CYCLIST: Go left! Left!
REPORTER: The event is meant to be a joyous celebration of the biking life, with hundreds of cyclists coursing together through city streets. But things have changed. These days small groups of riders zig and zag around the city for hours in a desperate effort to dodge the police, who consider many of these cyclists unlawful.
ROSS: A lot of times when we leave Union Square the police swarm us.]
REPORTER: Barbara Ross is with Times Up, which promotes Critical Mass.
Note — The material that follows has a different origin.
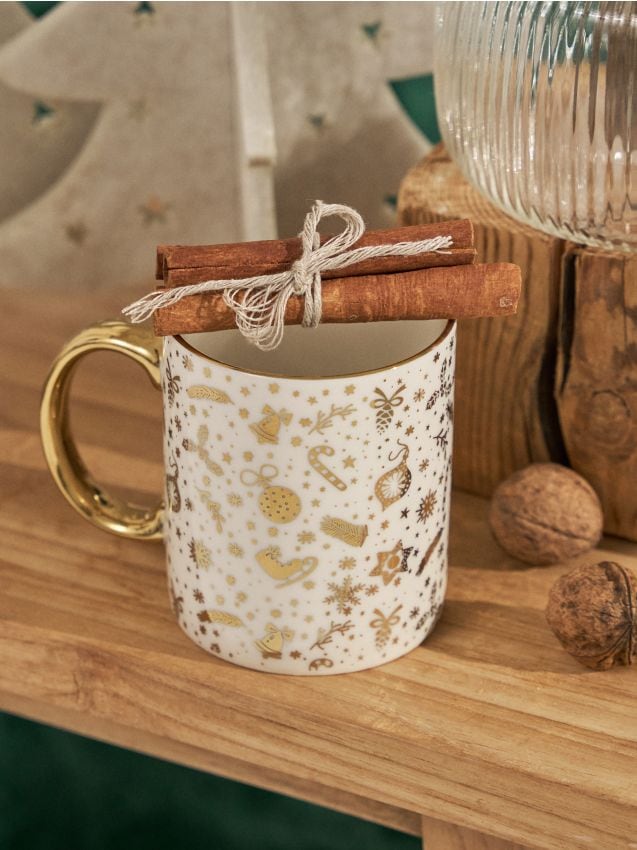 Sinsay - Pohár s vianočným motívom - viacfarebná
ROSS: So what we've been doing is having a new meeting place. Say we're going to meet at 7:45 at Tompkins Square, so that's what we're doing now. It's just been one of the strategies, because they've been so aggressive with the tickets, and it's been working really well. Their advantage is that they have hundreds of them around the city, so they can usually find us pretty easily.
REPORTER: Barbara rides alongside the pedicab I'm in, as well as about 10 other cyclists. The Critical Mass collective started out big but has splintered into a bunch of small groups roaming the East Village, trying to find each other by cell phone. We take so many turns, up and down 2nd and 3rd avenues, and down various side streets, that it's easy to get disoriented.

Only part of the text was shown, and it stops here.